What can I do to help improve the estimates with this query?

g00p3k 2015-04-22 20:09:18

I've been working on this and trimmed from 3 million logical reads to this point. However, I'm having trouble getting the estimates to be more accurate. Do you have any insight on what I can do specifically with improving the OBJECT4.Index2 seek, which is having a discrepancy of data and row counts to what it actually ends up needing?

Dan Holmes 2015-04-22 20:20:29
i don't know the answer to that question but i am not convinced it is your problem. Since the actual row count is way less than the estimate and that this is a NL join i think it is OK.

I would be more concerned with the 3 RID lookups on the same object8 farther to the left. can you change the index and INCLUDE those columns so the seek on Object8.Index4 returns those columns too?

g00p3k 2015-04-22 20:51:37
Ok. I got rid of the RID's, as I had removed the included columns on the temp table. Still have some variances in estimates. Anything else you noticed?

Is a lower actual than the estimated less of a concern to you? Any insight on this would be appreciated.

g00p3k 2015-05-05 19:28:02
@Dan Holmes, can you comment on your status about actual row count being less than estimate being ok when a NL join?
Dan Holmes 2015-05-05 19:45:15
I idea is because a record read(s) on the 'bottom' of a NL join is executed for every row on the 'top' side, a lower value for the actual on the top side than the estimate means it will do even less.

If the optimizer thought that a NL join was the correct way and it turns out the rows are less (way less in this instance) then it is alright. Had it been the other way and the actual row count was way higher then you would have really been in a fix. A hash or merge join would possibly produced quicker results.

(Reasonable chance that is a terrible explanation)

g00p3k 2015-05-05 21:07:38
@Dan Holmes, so basically if I see a nested loop estimating a high value, but actually executing just a small amount I should not focus on that. Instead I'd focus on the nested loops that show something like ESTIMATE 1 – ACTUAL 20k Those are going to perform suboptimally.

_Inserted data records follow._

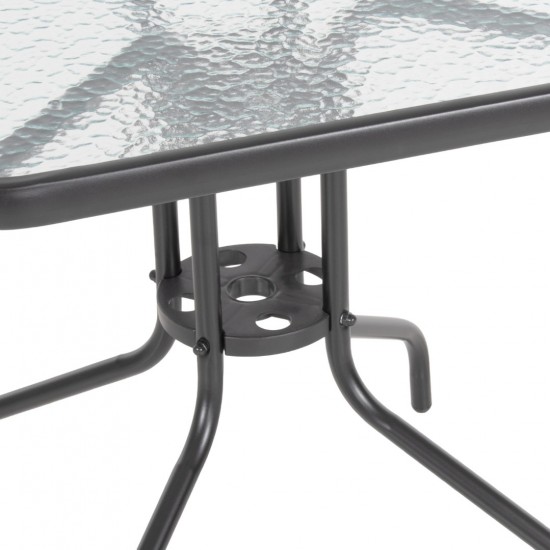 ΣΕΤ ΤΡΑΠΕΖΑΡΙΑΣ 3ΤΜΧ FIGO  2 ΚΑΡΕΚΛΕΣ & ΤΕΤΡΑΓΩΝΟ ΤΡΑΠΕΖΙ 70x70εκ ΓΚΡΙ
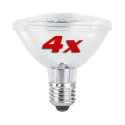 4 Ampoules Par30 30 LED E27 blanc chaud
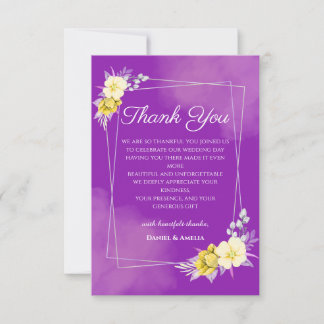 Tarjeta de agradecimiento de boda floral púrpura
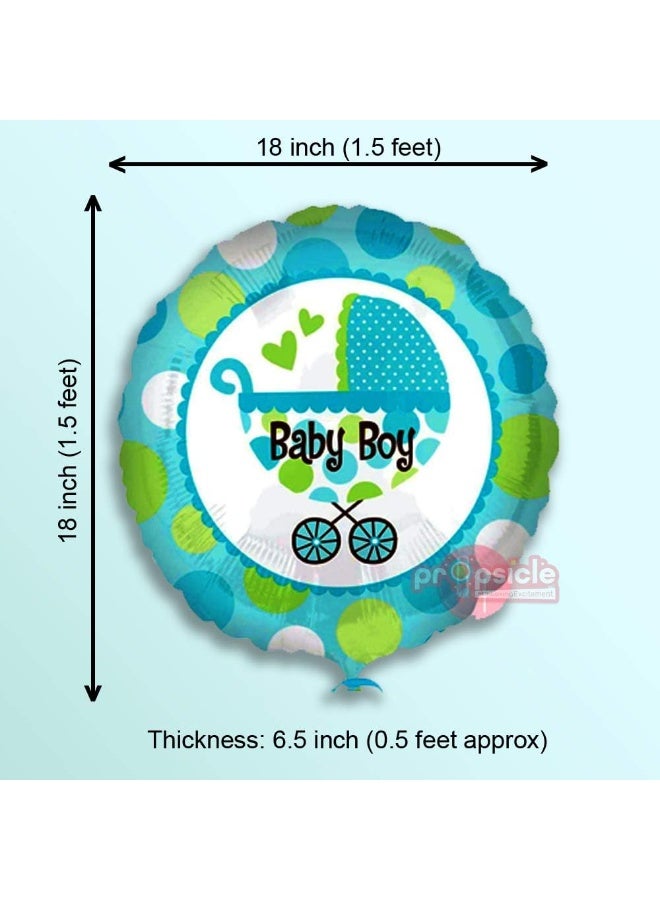 Gender Reveal Party Boy Blue Foil Cradle Balloon Pack of 5 – Baby Shower Welcome Baby Balloon for Cradle Ceremony Decoration - Image 4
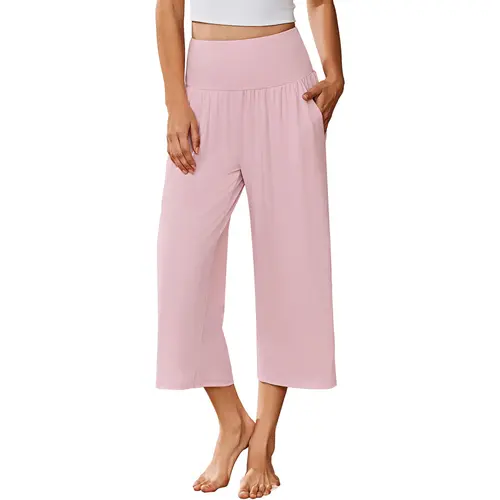 Ekouaer Women's Polyester-Cotton-Spandex Wide-Leg Capri Pants - Soft, Pocketed Pajama Nightwear Bottoms, Easy Care Prevents Shrinking Women's Clothes for Lounge & Everyday Use, Capri Pants Women,clothes for back to school,first day of school outfits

So my remaining question would be: Say it can only use a nested loop and not a hash/merge join…. what impact would the wrong estimate have on the actual query if it is going to do a nested loop join anyway? Maybe the join order would be impacted, but I'm still unclear on how better estimation on this can greatly impact the performance. Maybe it's a case of belated monday's… I know cardinality is important, but I'm having trouble remembering exactly where it will impact the query if it's still do the same join operation.

SQLkiwi 2015-04-23 03:28:00
You could consider creating a filtered index or filtered statistics on Column3 to incorporate the effect of the residual predicate ScalarString218 (if possible):

Residual

But I doubt this is worth it. A more accurate estimate is unlikely to change the plan shape much, from what I can see.

The query already executes pretty swiftly, given the number of joins. The 867ms of NETWORK_IO suggests the bulk of the time is spent waiting for the large rows (LOB data, lots of columns) to pass across the network. You might get a better measure of the raw query performance by writing the results to variables (or a temp table).

If doing that really does drop the elapsed time for the query down to 1389 – 867 ~= 500ms, I'd ne asking myself how much quicker I really need it to go.